Task input:
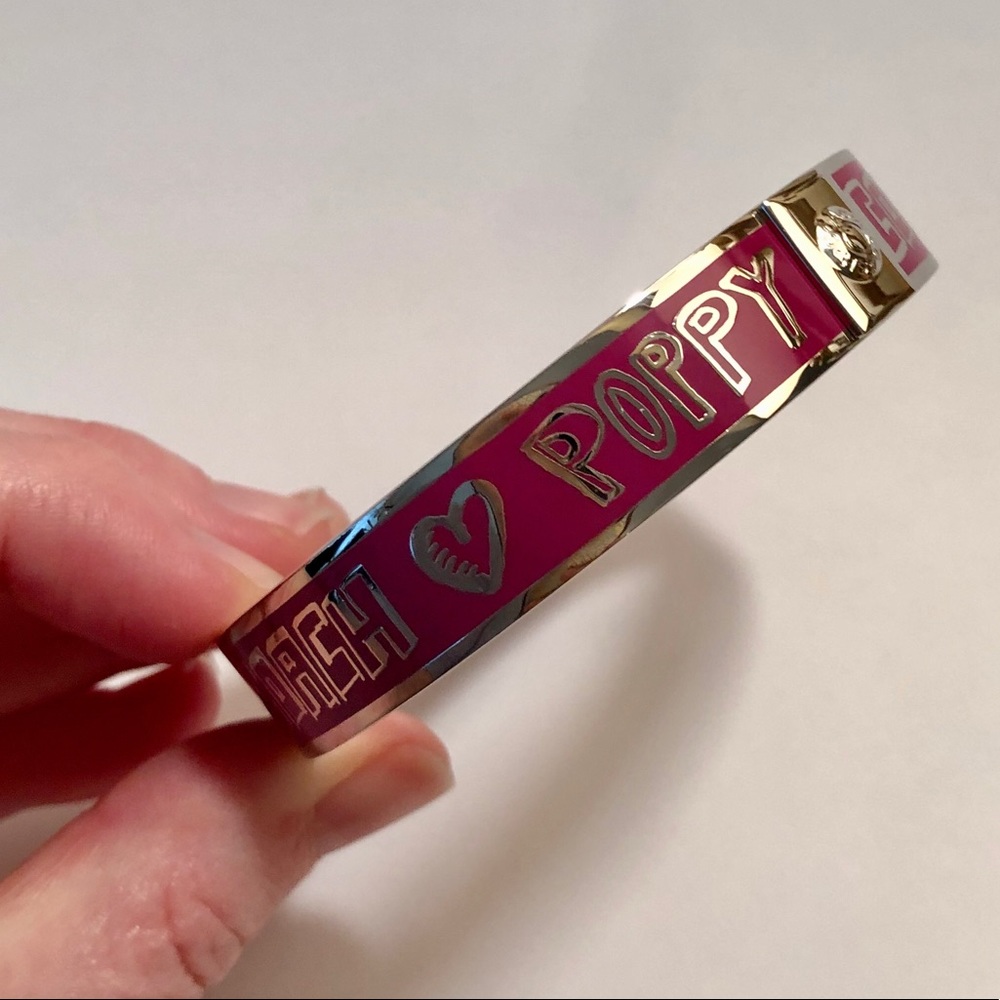 Coach Poppy Bracelet Silver NYC Exclusive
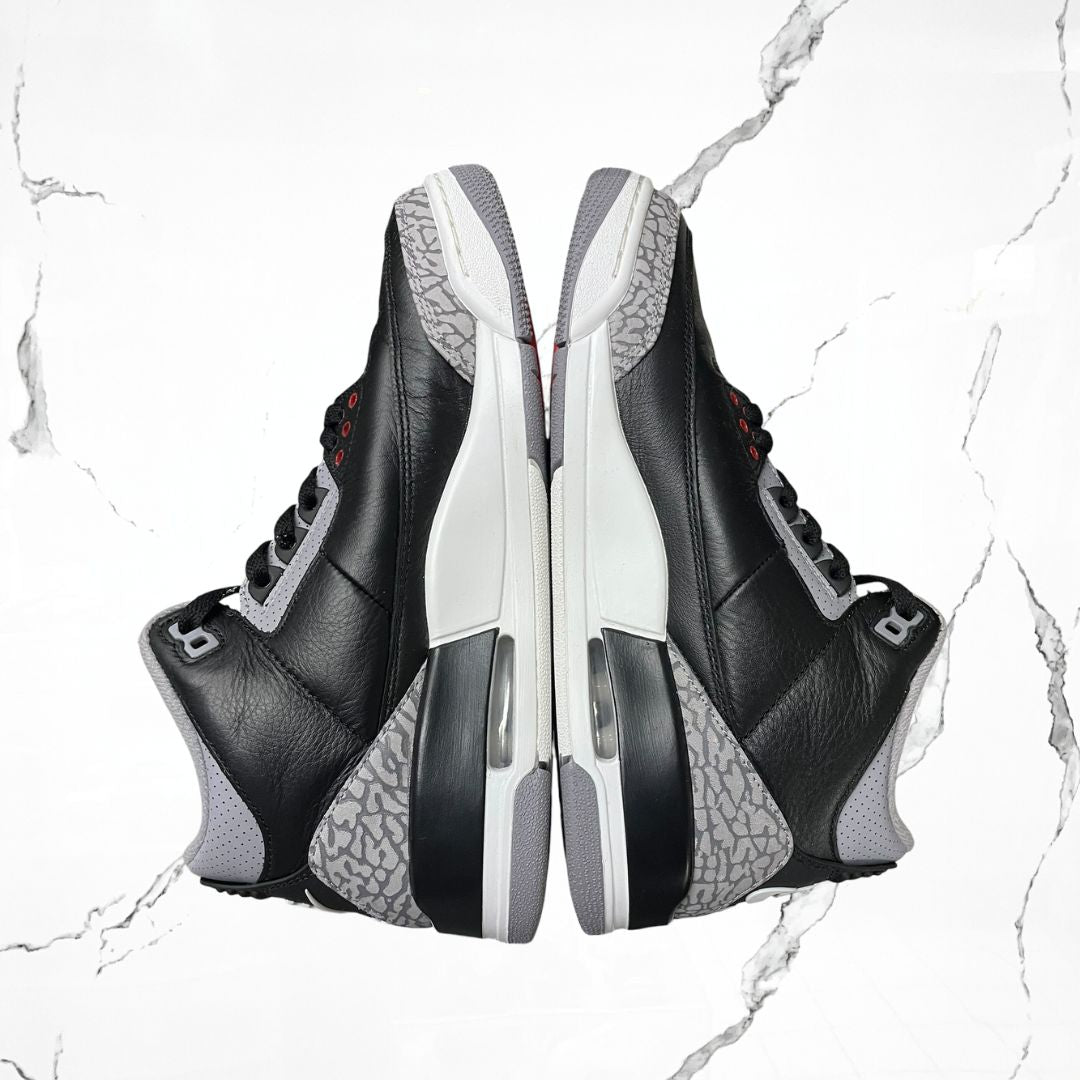 Jordan 3 Black Cement 2024 (De Uso) - Urban Utility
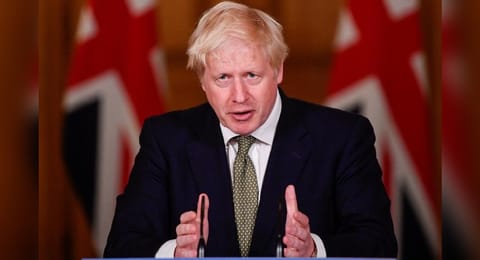 Britain's Prime Minister Boris Johnson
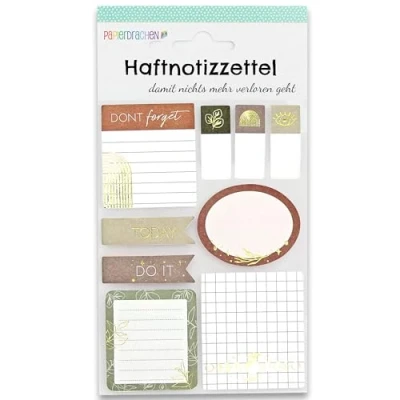 Image de Papierdrachen Bullet Journal Sticky notes Uni 9 blocs de autocollantes adhésives To do Aperçu hebdomadaire Beaucoup utiles pour votre carnet Lot 4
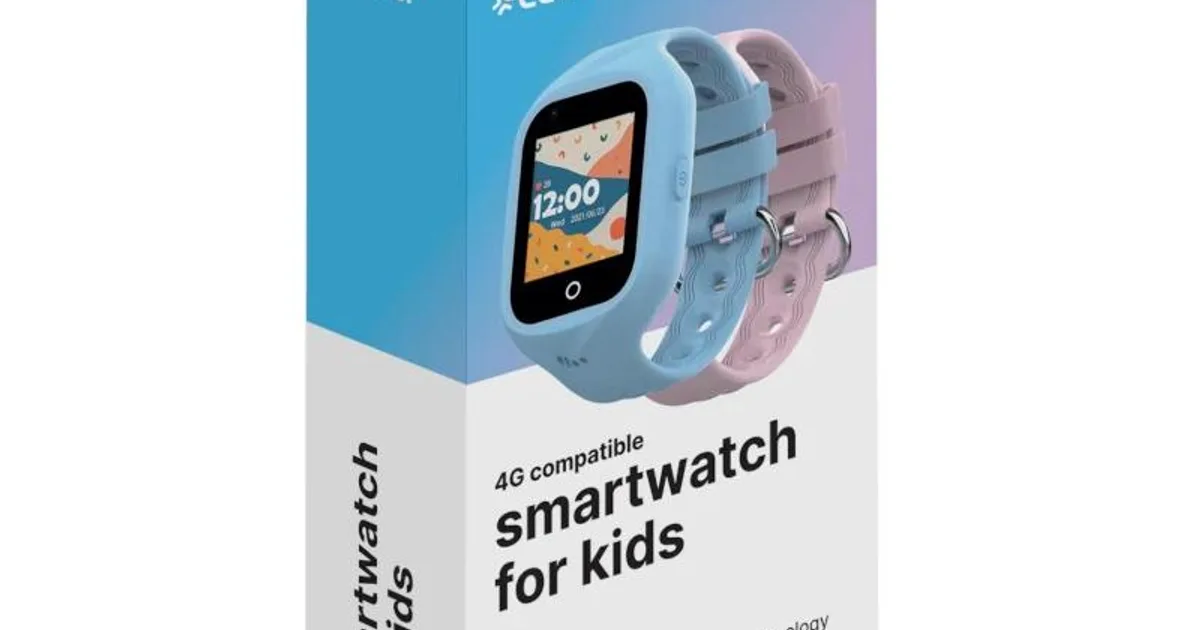 Celly Smartwatch Kids 4G 2 Correas Azul y Rosa (3)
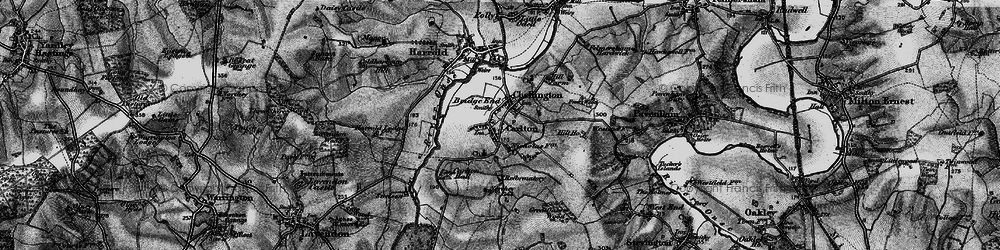 Old map of Chellington in 1898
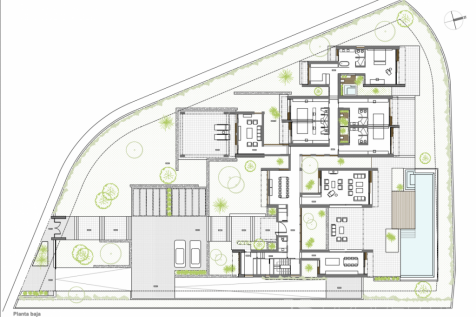 PROJECT OF A SPECTACULAR , SEAFRONT, MODERN VILLA IN MANRESA 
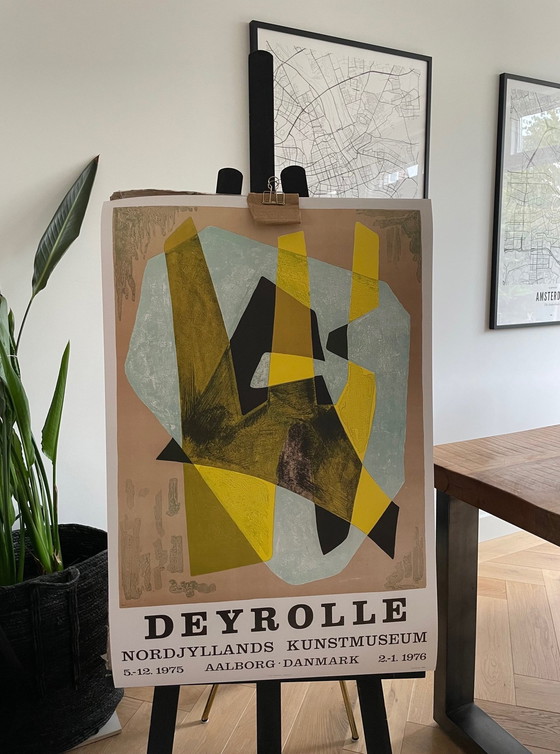 Image 1 of Jean Deyrolle After (1911-1967), affiche d'exposition du Nordjyllands Kunstmuseum, imprimée au Danemark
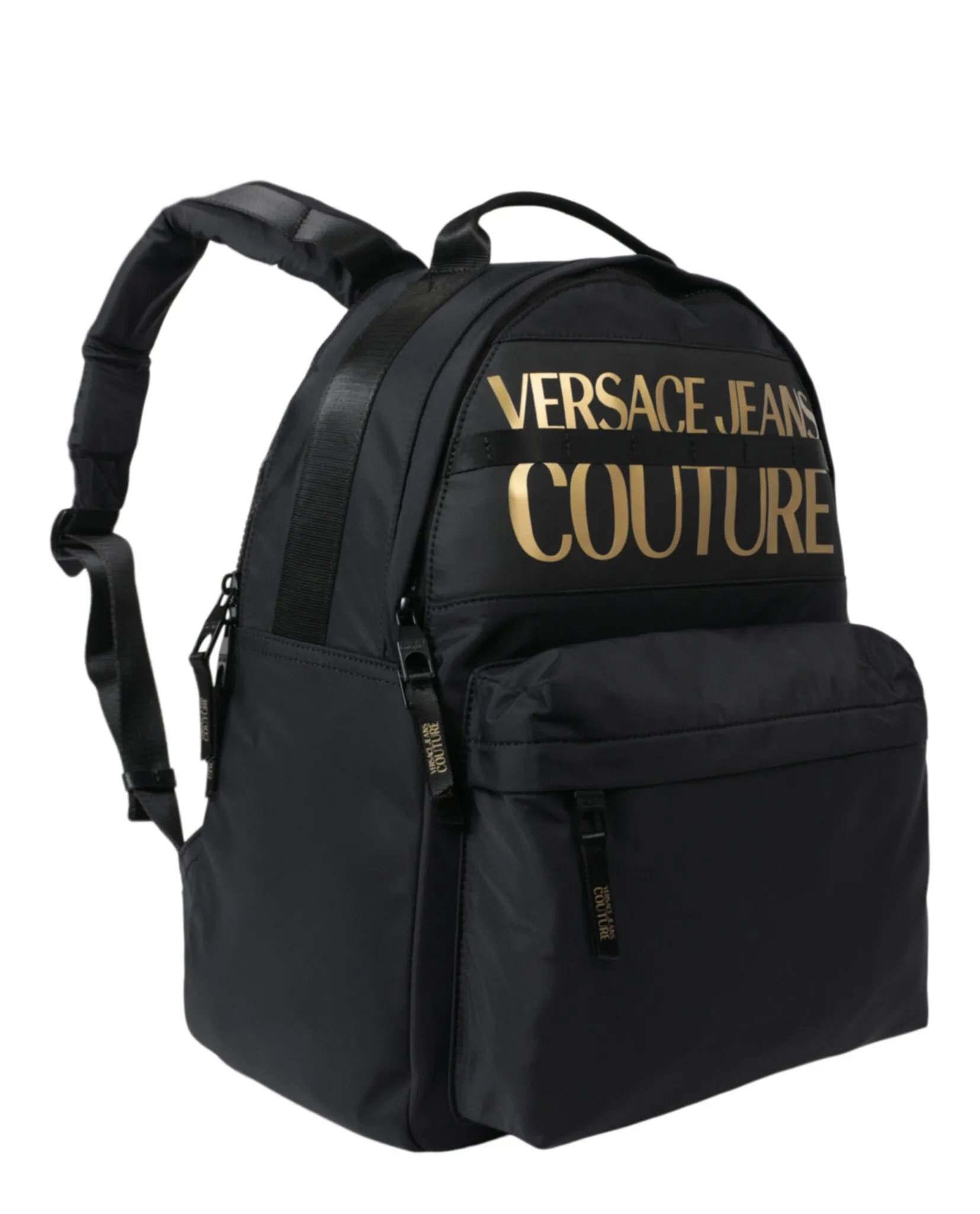 Versace Jeans Metallic Logo Backpack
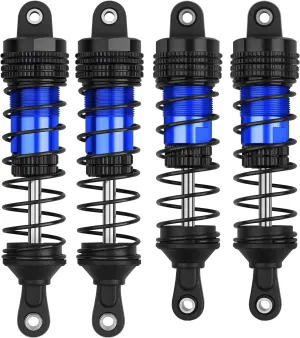 4PCS RC Cars Shock Absorber Set Compatible with 1/14 WLtoys 144001/144010, Team Associated 1/14 Reflex 14B RC Buggy Off-Road Racing 1:14 1:16 Scale RC Cars Upgraded Parts-Blue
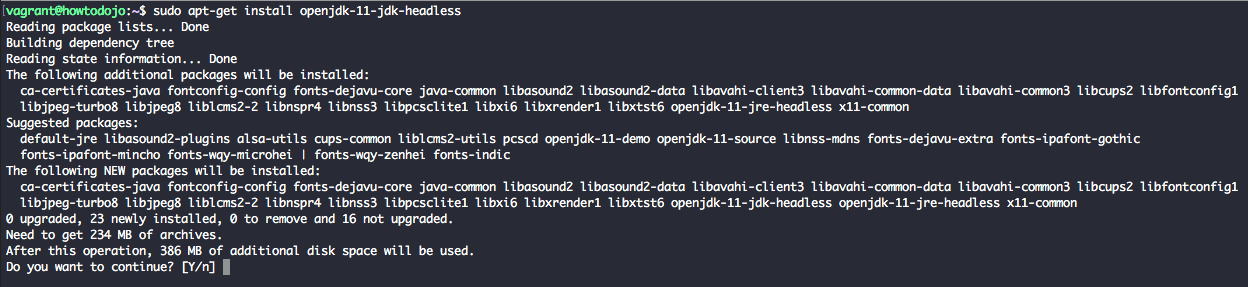 Install openjdk 11 ubuntu 18.04 - apt-get install openjdk-11-jdk-headless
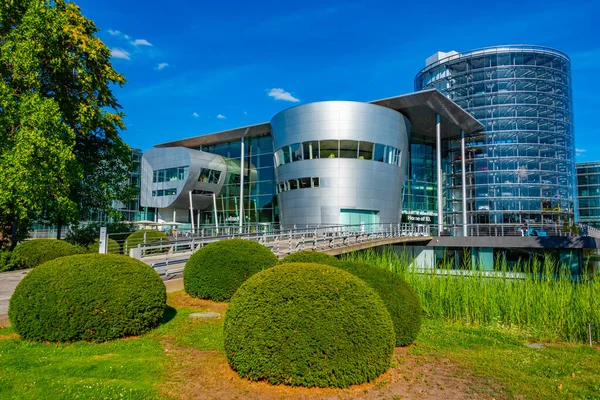 stock image Dresden, Germany, August 6, 2022: Die Glaserne Manufaktur factory in German town Dresden.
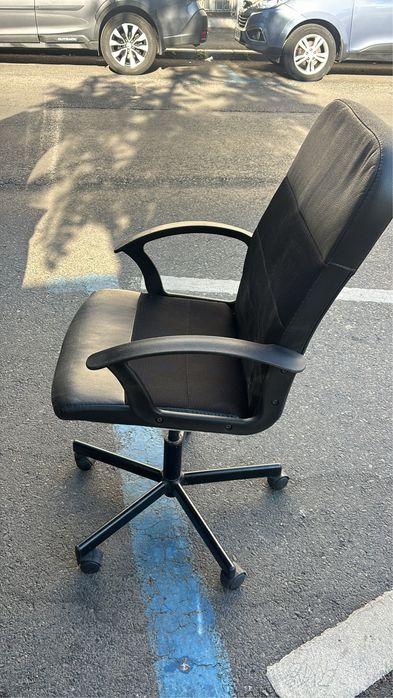 Scaun birou piele si textil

Task directions:
Write out the lines beginning at the line with "Old map of Chellington in 1898" and ending at the last line of the entries. Include no pictures.

Response box:
 Old map of Chellington in 1898
 PROJECT OF A SPECTACULAR , SEAFRONT, MODERN VILLA IN MANRESA 
 Image 1 of Jean Deyrolle After (1911-1967), affiche d'exposition du Nordjyllands Kunstmuseum, imprimée au Danemark
 Versace Jeans Metallic Logo Backpack
 4PCS RC Cars Shock Absorber Set Compatible with 1/14 WLtoys 144001/144010, Team Associated 1/14 Reflex 14B RC Buggy Off-Road Racing 1:14 1:16 Scale RC Cars Upgraded Parts-Blue
 Install openjdk 11 ubuntu 18.04 - apt-get install openjdk-11-jdk-headless
 stock image Dresden, Germany, August 6, 2022: Die Glaserne Manufaktur factory in German town Dresden.
 Scaun birou piele si textil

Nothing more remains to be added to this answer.